AIDS is believed to have come to Belle Glade early, in the late 1970s, possibly with the migrant stream of farm workers who pick tomatoes and beans, or cut long rows of sugar cane with razor-sharp machetes. By the time the disease was diagnosed here, it had become an epidemic, spread by prostitutes, drug users and cavalier sexual attitudes. In 1985, researchers found an infection rate of 1.85 per 1,000 people, higher than in New York City or San Francisco.

By then it was clear to researchers that there was something different about most of the people who developed the disease in Belle Glade. They were not homosexual men or intravenous drug users, as were most victims elsewhere.

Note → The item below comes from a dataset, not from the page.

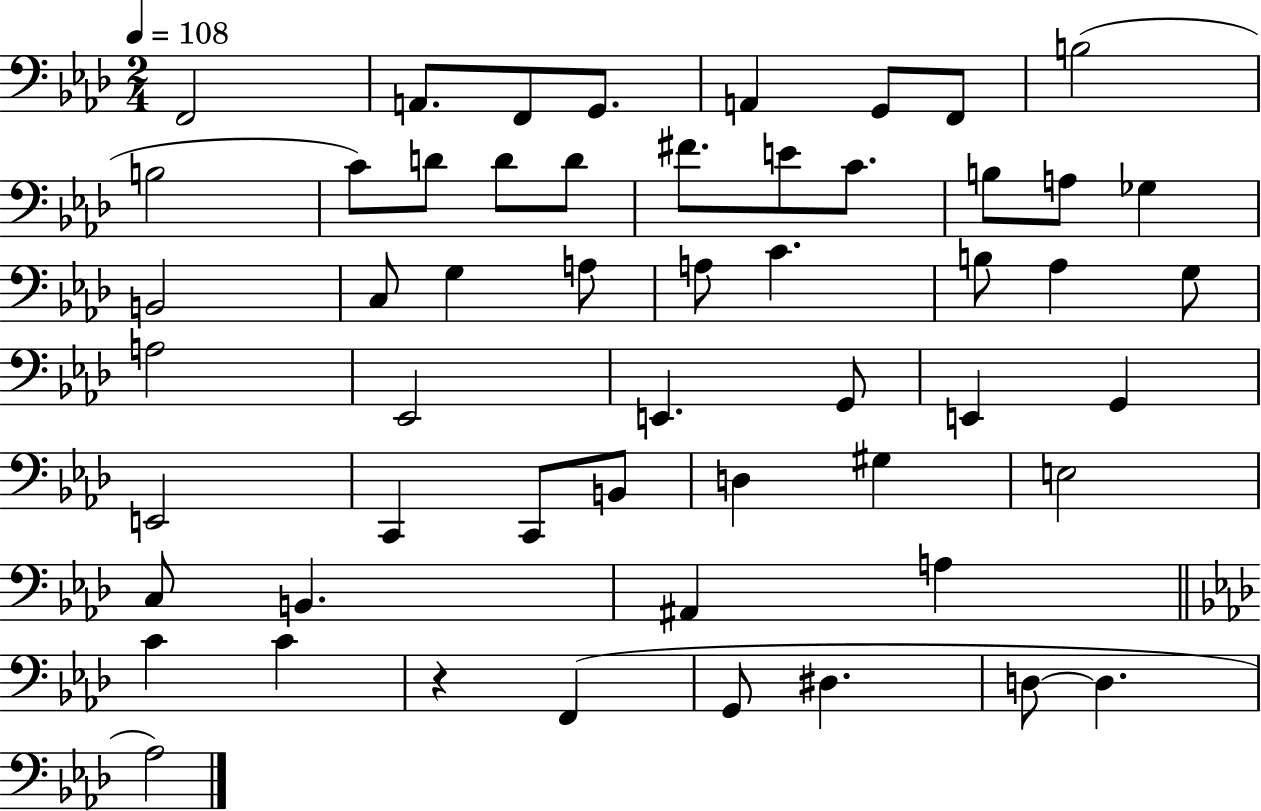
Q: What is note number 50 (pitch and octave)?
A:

As near-hysteria swept through Belle Glade and the nearby communities of South Bay and Pahokee, bizarre theories concerning the spread of the disease were advanced. Experts in tropical medicine said they thought HIV was passed on by mosquitoes; others wondered if pigs and a new strain of swine fever were to blame.

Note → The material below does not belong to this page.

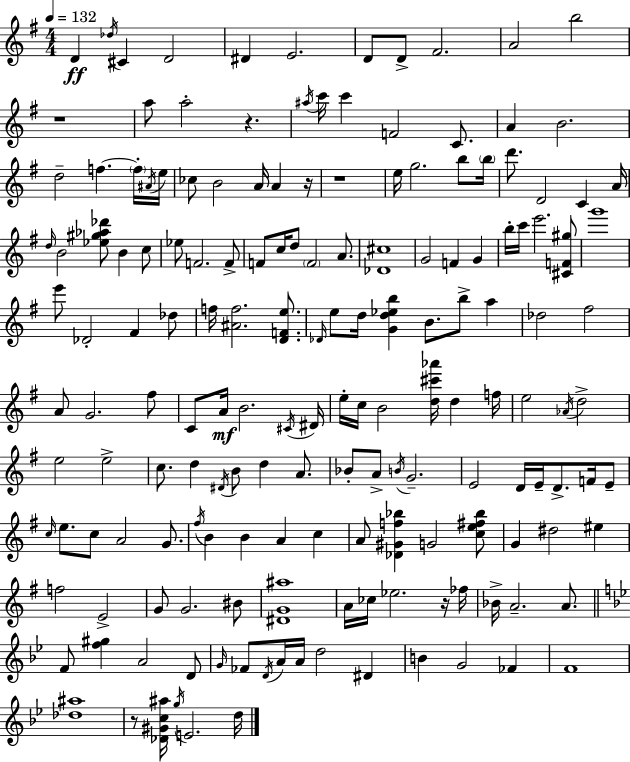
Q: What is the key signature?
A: G major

Poor sanitation, and Belle Glade’s historically wretched housing, depicted in Edward R. Murrow’s “Harvest of Shame” TV documentary in 1960, also were suspect. In 1986, the American Civil Liberties Union issued a report describing Belle Glade residents as living a marginal existence in the “Third World of the U.S.”

It wasn’t until Deanna R. James, director of the local county health clinic, told a congressional committee that “the minority community of western Palm Beach County is threatened with extinction” that many agencies began to take notice of the misery here.

“Education is the only weapon we have,” said Harrington, who opened the HIV Prevention Center in 1988. “If people would stop risky behavior, we could stop this epidemic in its tracks.

“Abstinence is not realistic, and monogamy does not seem a viable solution for the majority of people.”

So that’s why Harrington, a woman in her early 50s who says she never saw a condom until four years ago, is often on the streets, on farm workers’ buses or in the bars, pulling silver-foiled strips of prophylactics from her tote bag.

“I have men tell me they don’t like to wear a condom because it restricts them,” Harrington said. “They say they are too big. That’s when I like to pull the condom over the head of a parking meter. No excuses.”

But of course, people do make excuses.

In the study conducted by Ellerbrock, Harrington and others, more than 5% of 1,011 pregnant women seen at a local public health clinic tested positive for HIV. The highest rates of infection were found among black women. Additional risk factors included use of crack cocaine, multiple sex partners and syphilis.

Ellerbrock calls the study results “frightening.”

“People wonder when AIDS is going to break through from being a disease primarily of gays and drug users to the heterosexual community,” Ellerbrock said. “Well, this is it, guys. It’s here.”